Fist, Fire, and Heart

  • Michael Lista
    Strike Anywhere: Essays, Reviews & Other Arsons. Porcupine's Quill (purchase at Amazon.ca)
  • M. Travis Lane and Shane Neilson (Editor)
    Heart on Fist: Essays and Reviews 1970-2016. Palimpsest Press (purchase at Amazon.ca)
Reviewed by Neil Surkan

Despite their similarly combative titles, M. Travis Lane’s Heart on Fist and Michael Lista’s Strike Anywhere contain drastically different takes on reviewing Canadian poetry. The essays in Heart on Fist span an impressive forty-six years and were selected by Lane and her editor Shane Neilson from over 120 poetry reviews Lane published in Canadian literary magazines like The Fiddlehead, Canadian Poetry, and the Antigonish Review. Conversely, the essays in Strike Anywhere were mostly written over the five or so years that Lista calls “the halcyon days before my self-immolation,” when he wrote a controversial weekly column on poetry for the National Post. Both books pay homage to a span of time in which each critic was afforded the rare opportunity to make reviewing poetry his or her job. Lane and Lista achieved different goals within that time, as the introductory essays in each book make clear: in Lane’s case, discovering writers from “off the beaten track” was her top priority, whereas Lista strove to provide the antidote to “service journalism” by writing what he calls “skeptical” reviews.

Lane has demonstrated a critical stamina that may be second to none in Canadian literature. In a style Neilson aptly calls “mildly devastating,” the essays in Heart on Fist present Lane’s remarkable commitment to literary criticism, from early reviews of Phyllis Webb and Michael Ondaatje to recent takes on Karen Solie and Al Moritz. The collection guides readers on a walking tour of the last half-century of Canadian literature, as seen through Lane’s keen eyes, while, in tandem, presenting her central theses on how good poems work, where Canadian poetry can and should distinguish itself, and why women writers have earned their place in CanLit. What is most apparent throughout her essays and reviews is the fact that Lane is a very good listener: “sound” is the first thing she looks for in a poem, and she consistently quotes long passages of verse from the collections she reviews in order to let the poems speak for themselves. Even in hostile essays where she vehemently disagrees with a poet, the most obvious case being her 1976 essay on Robin Skelton, she still only proselytizes “a little,” reasonably teasing out points of disagreement with Skelton’s arguments in biting, balanced, aphoristic sentences. For example: “Only a person who makes a point of not perceiving the people who are not poets can believe that poets are more sensitive than anybody else.” Such a sentence epitomizes Lane’s approach to reviewing: clichés and generalizations wither in her fist, but the fist is bound to the heart.

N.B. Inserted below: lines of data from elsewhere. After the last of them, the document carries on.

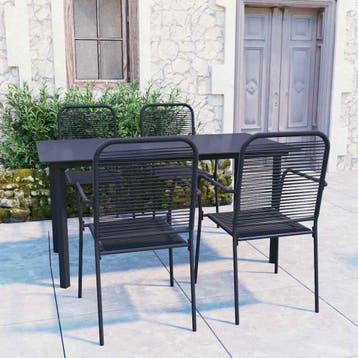 vidaXL 5-delige Tuinset glas en staal zwart, Tuin en Terras, Verzenden, Nieuw, Tuinset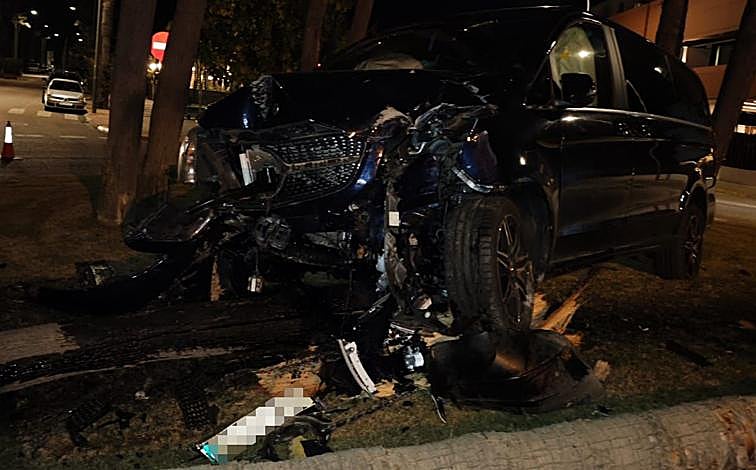 Imagen principal - El torero Cayetano Rivera estrella su furgoneta contra una palmera y se niega a hacerse la prueba de alcohol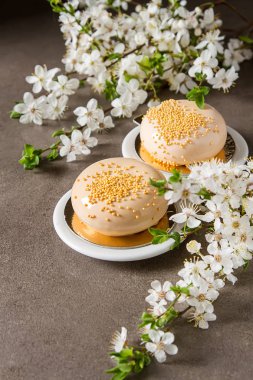 Moda mousse kek sprin ile dekore edilmiş bir ayna sır ile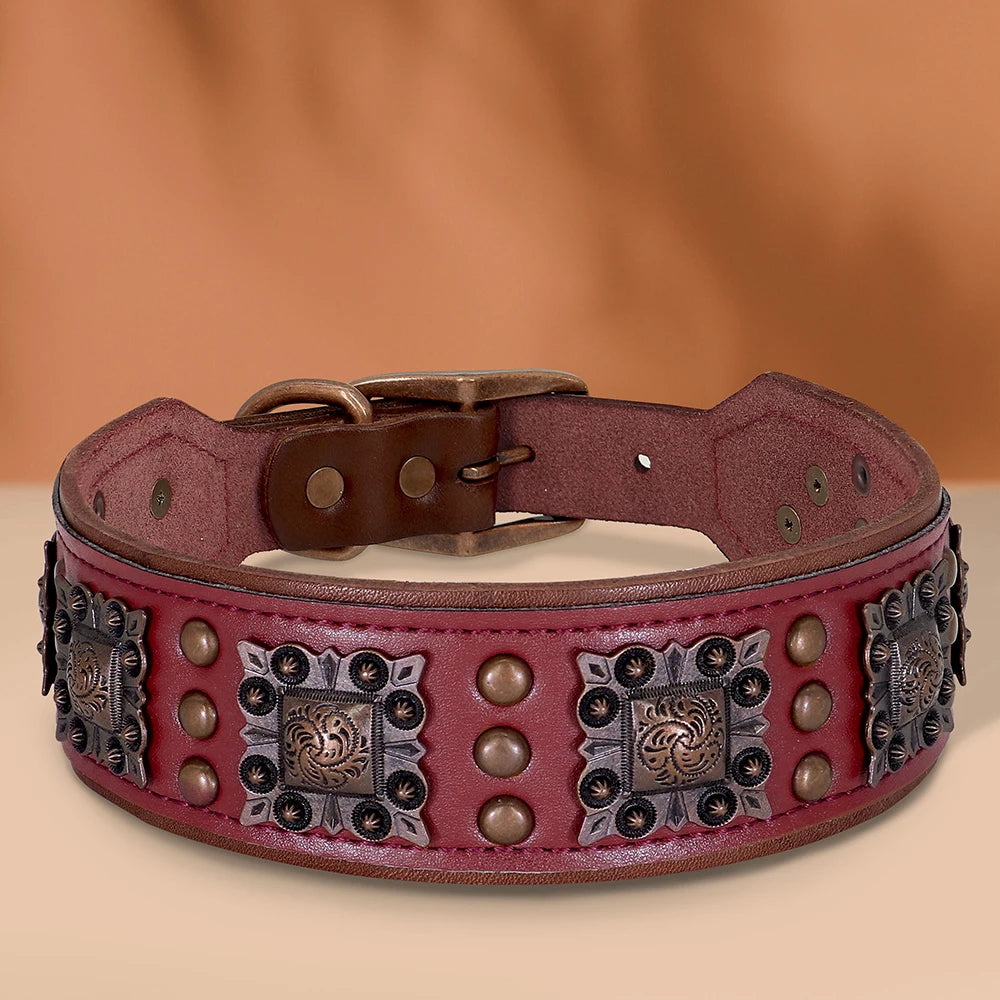 Genuine Leather Dog Collar 2inch Wide Dog Collars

Lista’s essays and articles in Strike Anywhere, which he jointly calls “arsons,” span the space between lighting a fire and burning something down. He was, and continues to be, committed to engaging where others back off because poetry is “useful” to him—worth fighting for. Contemporary poetry, for Lista, is like “medicine”: “It’s not supposed to taste good. That’s how you know it’s working.” When Lista likes a collection, he is unafraid to signal his approval by calling it a “masterpiece” (“Joshua Mehigan”) or “vital” (“Michael Robbins”). He also delivers split decisions on occasion, as in the case of Alexandra Oliver, where he declares, “Not every poem succeeds . . . When she succeeds, she succeeds entirely.” But Lista clearly thrives when he is fired up; he shines when he takes risks and writes skeptically. The most notorious examples are his reviews of Tim Lilburn, Anne Carson, and Don McKay: he likens Lilburn’s poetry to “behind-the-counter medicine that deserves to be strictly controlled,” calls Carson’s poems in Red Doc> not poetry but “prose—in my opinion, not super-good prose,” and points out lines in McKay’s work that are responsible for giving Canadian poetry “McKayabetes.” However, Lista’s more wide-angled essays, with titles like “Publish Less” and “Why Poetry Sucks,” also display his knack for controversial, convincing writing as he weighs in on the state of contemporary poetry. The final essay in the collection, “The Shock Absorber,” an in-depth examination of the militarized financial backing of the Griffin Poetry Prize, is especially impressive, courageous, and incendiary.

Lane and Lista are not similar critics, but the circle of Canadian poetry is lucky to include them both—fire, fists, and all.